The Washington Post‘s Valerie Strauss features an excerpt from Diane Ravitch’s latest book Slaying Goliath that tells the story of Nashville School Board member Amy Frogge and her relentless advocacy for public schools. Highlights follow. The short version: Don’t f*** with Frogge.


Amy Frogge is a lawyer and a parent of children who attended Gower Elementary School in Nashville, Tennessee. In 2010, the city suffered a devastating flood, and people came together from across the city and even from out of state to help rebuild the damaged neighborhoods. Frogge was impressed by the energy that is generated when people coalesce behind a common goal. Aware that the Parent Teacher Organization at Gower Elementary was moribund, she and another parent decided to rebuild it. Over a year, they enhanced parent engagement, developed new community partnerships, and helped to bring about major improvements in the school’s performance, atmosphere, and culture.


Determined to “give back to her community,” Frogge decided to run for the Metro Nashville school board in 2012. With the help of many volunteers, she rang doorbells across her district. She raised $25,000. Her opponent was endorsed by Nashville mayor Karl Dean, the Chamber of Commerce, the local teachers’ union, and the Gates-funded group called Stand for Children. Her opponent spent $125,000, five times what Frogge spent. But Frogge won by a two-to-one landslide. When she ran, she was unaware of the national debates about privatization. She just wanted to do her part as a citizen. She quickly learned about the efforts by national charter chains to gain a foothold in Nashville and decided that this was not good for the local public schools.

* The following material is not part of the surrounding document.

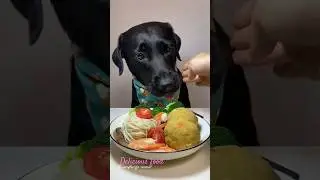 Dog Eats Shrimp, Tomato, Broccoli & Noodles Feast #shorts #dog #ai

Frogge emerged as an articulate critic of privatization and Corporate Disruption. In her role as a board member, she wanted expanded recess time, more time for art and music, less time devoted to testing, and increased funding for the schools, but these issues were overshadowed by the persistent struggle between the school board and the state over charter expansion. She courageously stood up to the right-wing governor, the legislature, the state commissioner, and Mayor Dean, who were all pushing for more charters in Nashville. The local newspapers criticized her as “divisive” and “shrill” for taking a stand (these are the words applied to women who speak out but not to men, who are seen as “forceful” and “strong”). The newspapers grew tired of her complaints about the large amounts of outside money that poured into school board races.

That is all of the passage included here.